A thriller is supposed to thrill. It’s supposed to keep you flipping those pages. Make you ask, “What’s going to happen next?” Joe R. Landsdale’s Hot in December does all that. In spades. At 100 pages, the novella moves like a speeding bullet through the warm East Texas night.

Tom Chan has a dilemma. He’s witnessed a fatal hit-and-run and he wants to testify against the scum who turned his next-door neighbor into roadkill. Problem is, the driver’s a vindictive gangster who doesn’t believe in due process. Nonetheless, Tom doesn’t back down. But he’s not going to trust the cops to save his bacon. So he enlists two old war buddies, Cason and Booger—the type of ass-kicking, whacked-out characters readers have come to expect in a Lansdale story—to help him deal with the lowlife and his goons. What ensues is a tension-filled battle of wits and brawn leading to a bloody showdown between the good guys and the bad guys.

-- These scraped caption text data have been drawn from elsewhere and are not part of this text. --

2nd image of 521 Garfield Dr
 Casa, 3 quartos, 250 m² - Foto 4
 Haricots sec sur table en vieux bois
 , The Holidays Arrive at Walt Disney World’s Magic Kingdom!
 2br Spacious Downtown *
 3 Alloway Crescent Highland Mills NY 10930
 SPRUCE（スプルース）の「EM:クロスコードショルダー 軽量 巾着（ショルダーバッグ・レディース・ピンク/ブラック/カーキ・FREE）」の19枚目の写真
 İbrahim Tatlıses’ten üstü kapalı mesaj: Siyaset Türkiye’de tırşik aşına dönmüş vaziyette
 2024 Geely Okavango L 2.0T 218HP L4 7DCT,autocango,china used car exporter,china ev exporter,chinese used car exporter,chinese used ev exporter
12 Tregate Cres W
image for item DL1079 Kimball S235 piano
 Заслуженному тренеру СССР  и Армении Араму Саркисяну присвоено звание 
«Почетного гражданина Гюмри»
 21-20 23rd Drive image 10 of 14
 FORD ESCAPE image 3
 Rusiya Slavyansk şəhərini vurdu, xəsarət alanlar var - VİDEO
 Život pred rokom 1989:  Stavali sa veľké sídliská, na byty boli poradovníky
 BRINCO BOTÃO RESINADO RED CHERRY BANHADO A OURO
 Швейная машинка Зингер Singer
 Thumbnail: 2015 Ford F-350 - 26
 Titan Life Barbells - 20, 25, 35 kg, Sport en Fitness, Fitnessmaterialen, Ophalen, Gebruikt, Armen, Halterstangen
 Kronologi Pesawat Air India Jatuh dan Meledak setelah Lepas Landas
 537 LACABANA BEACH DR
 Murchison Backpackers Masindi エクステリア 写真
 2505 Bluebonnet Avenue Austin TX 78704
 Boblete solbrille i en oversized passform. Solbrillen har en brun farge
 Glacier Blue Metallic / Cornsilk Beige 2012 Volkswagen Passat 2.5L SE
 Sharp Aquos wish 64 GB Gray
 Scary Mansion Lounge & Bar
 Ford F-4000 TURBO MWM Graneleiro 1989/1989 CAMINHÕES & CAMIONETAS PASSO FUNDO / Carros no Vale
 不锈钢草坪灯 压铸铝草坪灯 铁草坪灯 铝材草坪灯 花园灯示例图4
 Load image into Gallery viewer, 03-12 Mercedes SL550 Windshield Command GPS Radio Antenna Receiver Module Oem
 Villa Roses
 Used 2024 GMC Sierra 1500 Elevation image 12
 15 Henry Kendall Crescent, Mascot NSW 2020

Hot in December has all the ingredients of a great Joe Lansdale story: break-neck plotting; honest, raw dialogue; colorful characters; and those amazing metaphors that only Joe can whip up. The story dovetails nicely with his Hap and Leonard stories (in fact the duo even gets a mention) and is sure to please any fans of that series as well as any fans of honest-to-goodness thrillers.